- **Excerpted data**:
+===+

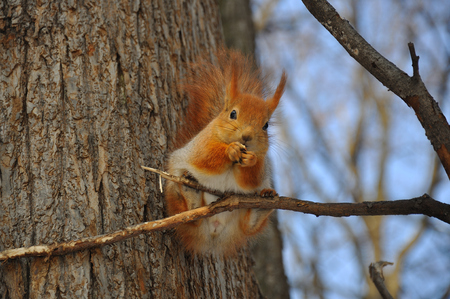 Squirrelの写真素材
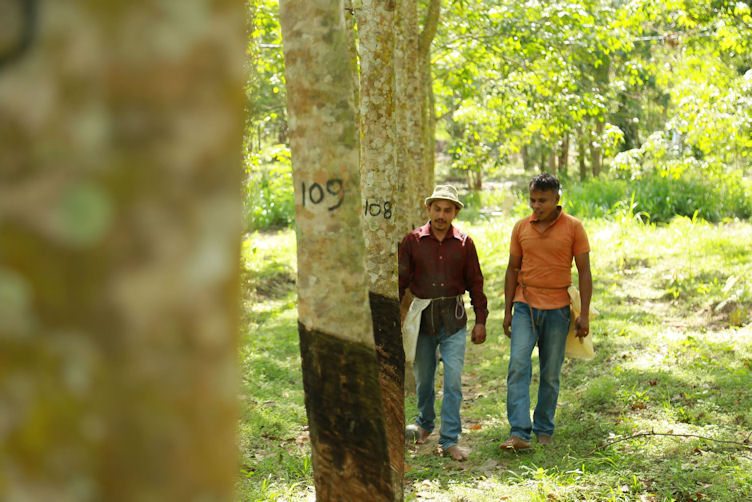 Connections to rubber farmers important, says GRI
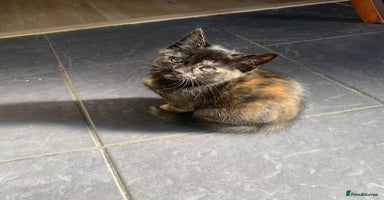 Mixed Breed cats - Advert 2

+===+

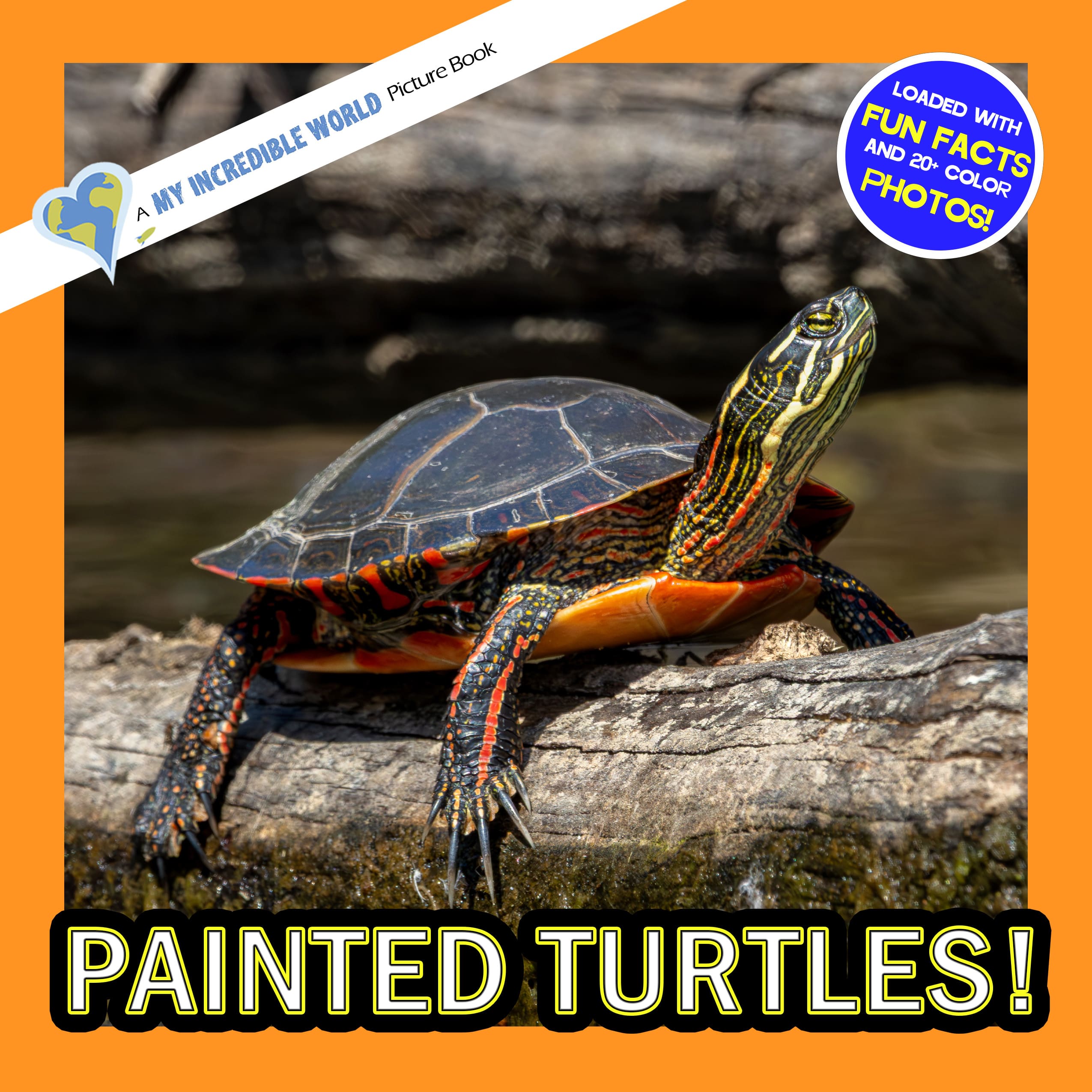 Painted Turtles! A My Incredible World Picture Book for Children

+===+

- **Your objective**: Output only the lines above from the one containing "Squirrelの写真素材" to the one containing "Mixed Breed cats - Advert 2", both included, exactly as written and with no pictures.

- **Result for this exercise**:
 Squirrelの写真素材
 Connections to rubber farmers important, says GRI
 Mixed Breed cats - Advert 2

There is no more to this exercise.